Start of ENTRIES PROVIDED

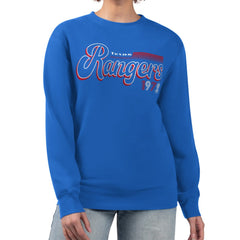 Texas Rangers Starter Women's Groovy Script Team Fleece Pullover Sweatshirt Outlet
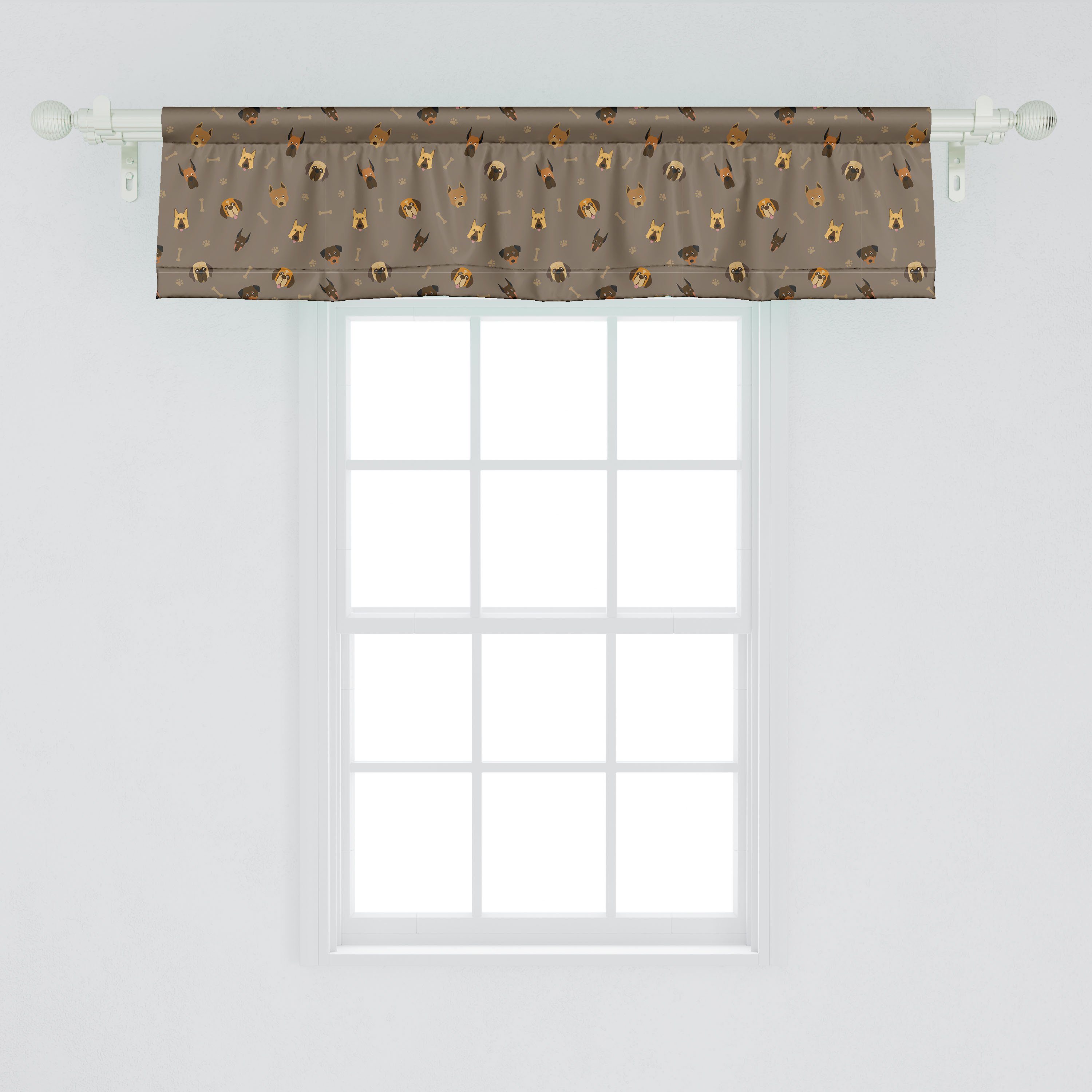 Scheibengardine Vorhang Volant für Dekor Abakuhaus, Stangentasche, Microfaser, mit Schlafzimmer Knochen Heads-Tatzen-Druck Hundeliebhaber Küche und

End of ENTRIES PROVIDED
Start of ENTRIES PROVIDED

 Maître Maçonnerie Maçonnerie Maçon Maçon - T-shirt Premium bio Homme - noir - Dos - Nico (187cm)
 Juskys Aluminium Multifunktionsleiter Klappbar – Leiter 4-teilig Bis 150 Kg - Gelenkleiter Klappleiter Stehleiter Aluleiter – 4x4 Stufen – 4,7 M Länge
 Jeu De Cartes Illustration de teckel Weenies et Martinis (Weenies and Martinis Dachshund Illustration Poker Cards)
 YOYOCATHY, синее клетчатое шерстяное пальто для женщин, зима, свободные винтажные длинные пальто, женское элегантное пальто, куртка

End of ENTRIES PROVIDED

Set down again, word for word, the stretch of records from the line with "Maître Maçonnerie Maçonnerie" to the line with "Jeu De Cartes", both of those lines included.

 Maître Maçonnerie Maçonnerie Maçon Maçon - T-shirt Premium bio Homme - noir - Dos - Nico (187cm)
 Juskys Aluminium Multifunktionsleiter Klappbar – Leiter 4-teilig Bis 150 Kg - Gelenkleiter Klappleiter Stehleiter Aluleiter – 4x4 Stufen – 4,7 M Länge
 Jeu De Cartes Illustration de teckel Weenies et Martinis (Weenies and Martinis Dachshund Illustration Poker Cards)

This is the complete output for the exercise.